Thursday, July 8, 2010

Meet the New Boss...Same as the Old Boss, part 4

A Colombian journalist who criticizes the United States is denied a visa to enter the United States.

Monday, July 5, 2010

Can Yelp be trusted?

After I wrote my first Yelp review a few years ago, a review which I had put a lot of thought into, I found that it was mysteriously not showing up among the reviews for the service I reviewed. This seemed odd, so I dashed off a complaint to Yelp customer service. I received a canned reply that essentially blew me off. What I was told was that Yelp has some kind of automated process for filtering out reviews, and that there was nothing they were going to do about the fact that mine didn't make it through the filter.

Yelp claims that the automated process of filtering is a way of preventing companies from scamming the system by either planting shills or by writing malicious reviews of the competition. And while I understand the problem that they are trying to address, their solution to the problem does have the result that is a lot akin to being placed on the no-fly watch list by the TSA. Just as the TSA will say nothing about its procedures for putting people on their watch lists and offers no real means of appeal, Yelp will not publicize its algorithms for its filtering processes and offers you no means of appeal. The canned response I got back from Yelp illustrates the point--no matter how sincere you might be and how much thought you put into your review, Yelp simply doesn't care and will do nothing to help you.

Now consider this additional wrinkle to the problem. Yelp takes advertising from the very companies that people review, and even puts sponsored companies at the top of search results. If this seems to you like a potential conflict of interest, then you are not alone. Certainly newspapers print reviews all the time of restaurants and other businesses while at the same time taking advertising, so Yelp is hardly alone in this, but to even come close to making it work a lot of thought has to be put into drawing an ethical line of separation. Consumer Reports, for what it is worth, believes that no such line of separation is really possible, which is why they don't take any advertising at all. But if Yelp is going to take the path similar to that of the newspaper that takes advertising, then it would seem evident that they should make sure that there is not even the appearance impropriety. And that is something they have had trouble doing, given the lawsuits that have been filed against them in recent years.

The East Bay Express wrote an article last year accusing Yelp of engaging in outright extortion against businesses by telling them that whether they advertised with Yelp would influence the types of reviews that would pass or fail Yelp's filters. Whether or not this article is correct in its charges is not something I can say. Just this year, in response to a lawsuit, Yelp is now making available the reviews that it filters out, although you have to click a special link to see them and these filtered out reviews are not figured into the rating average.

The secret nature of the filtering still remains, however--Yelp insists that this is necessary so that companies cannot game the system.

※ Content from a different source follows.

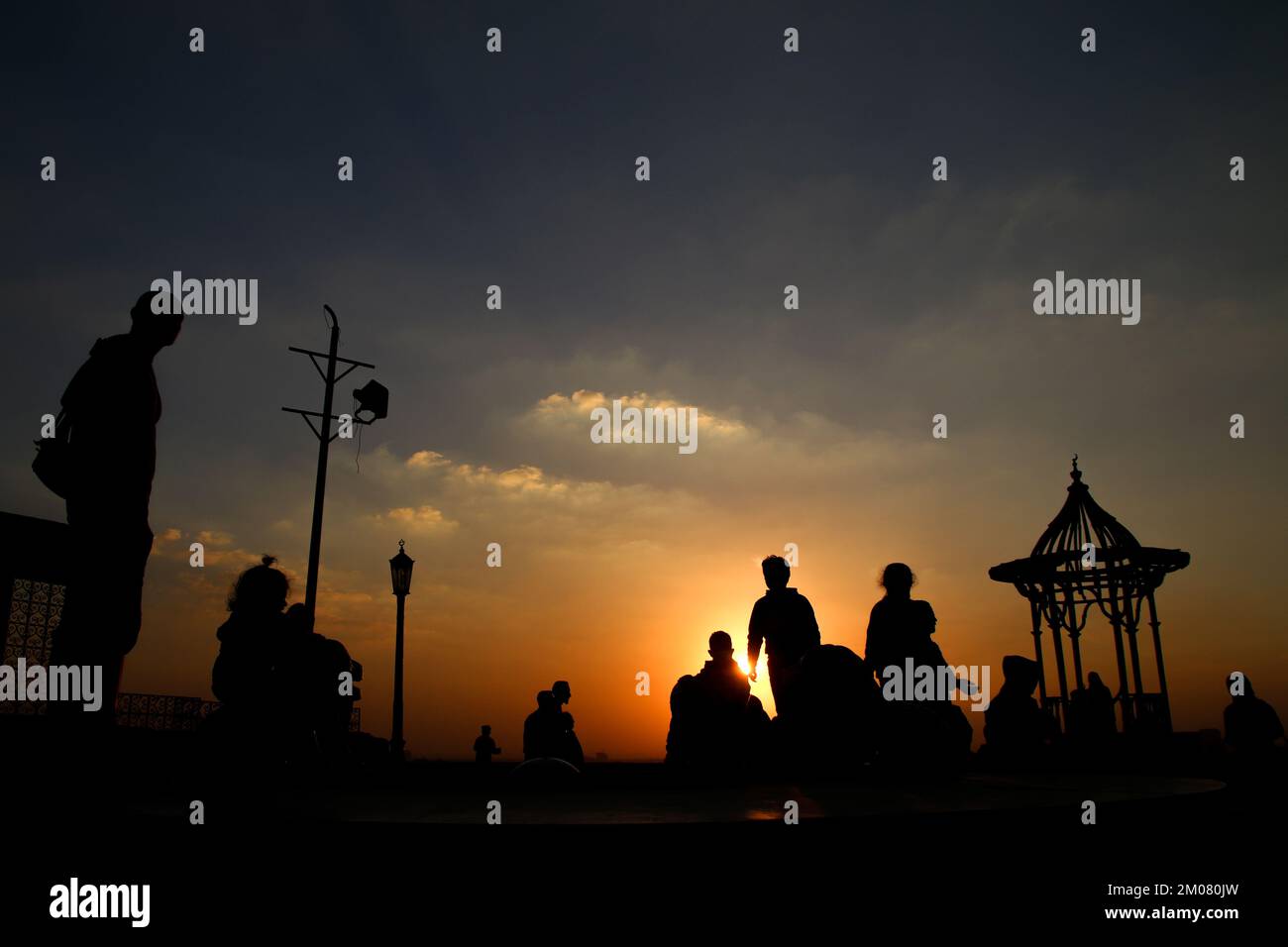 Cairo, striscia di Gaza, Egitto. 2nd Dec, 2022. Cairo, Egitto. 02 dicembre 2022. La cittadella di Saladin sulle colline Mokattam vicino al centro del Cairo al tramonto. La Cittadella è una fortezza islamica medievale commissionata dal Sultano Saladin nel 12th ° secolo per proteggere il suo Sultanato d'Egitto e Siria dai crociati. Divenne poi sede governativa per i governanti egiziani per quasi 700 anni e fu successivamente utilizzata come guarnigione militare dagli inglesi e poi dall'esercito egiziano, grazie alla sua posizione strategica nel punto più alto del Cairo. È un patrimonio mondiale dell'UNESCO e un'importante storia Foto Stock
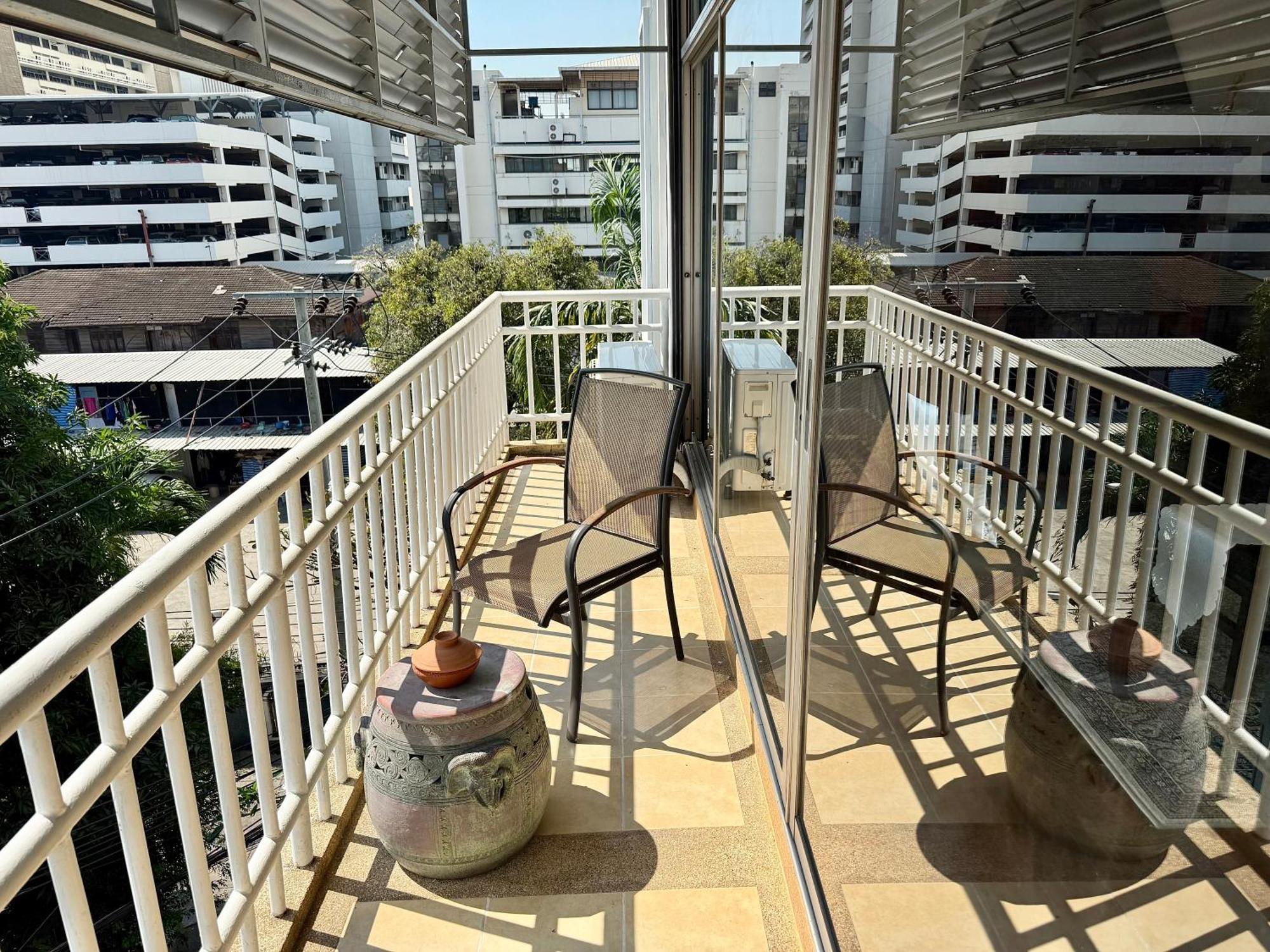 Samsen Suites Spacious 2Br Contemporary Thai Style Бангкок Экстерьер фото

The fact remains, though that sincere reviewers will be thwarted by Yelp as a result of this process. And even if there is no hanky panky on the part of Yelp with respect to all of this, it still calls into question the legitimacy of the overall review ratings that viewers see.

A perusal of the reviews of one hotel in San Francisco shows what can result from this whole process. As of the time of this writing, the hotel in question has seven published reviews, and 10 reviews that are filtered out. In other words, a majority of the reviews for this hotel do not figure into the overall ratings. Of the the 10 reviews that are filtered out, eight of them are one-star reviews. That's correct-80% of the filtered out reviews give the lowest possible rating. These highly negative response from Yelp reviewers do not factor into the overall rating, which is 3.5 stars.

Yelp claims that reviewers who are not as established are typically the ones who are most likely to be filtered (thus Yelp admits that not just shills or malicious reviewers, but also legitimate reviewers are frequently filtered out if they happen to be new to the website.) The reality is that some people are driven to write Yelp reviews in the first place after having a very bad customer service experience and wanting to tell others about it. And it is precisely those reviewers who are most likely to have their reviews filtered out by the Yelp software.

So the question is--can Yelp be trusted? Or do you just take it all with a grain of salt? Yelp reviews are rarely consistent across the board--even the most popular and highly rated establishments often get very poor from the odd reviewer here and there. That being said, from now on, whenever one looks at Yelp, it wouldn't hurt to take the extra step of clicking through to the filtered reviews, just to see what is getting censored out of the rating process.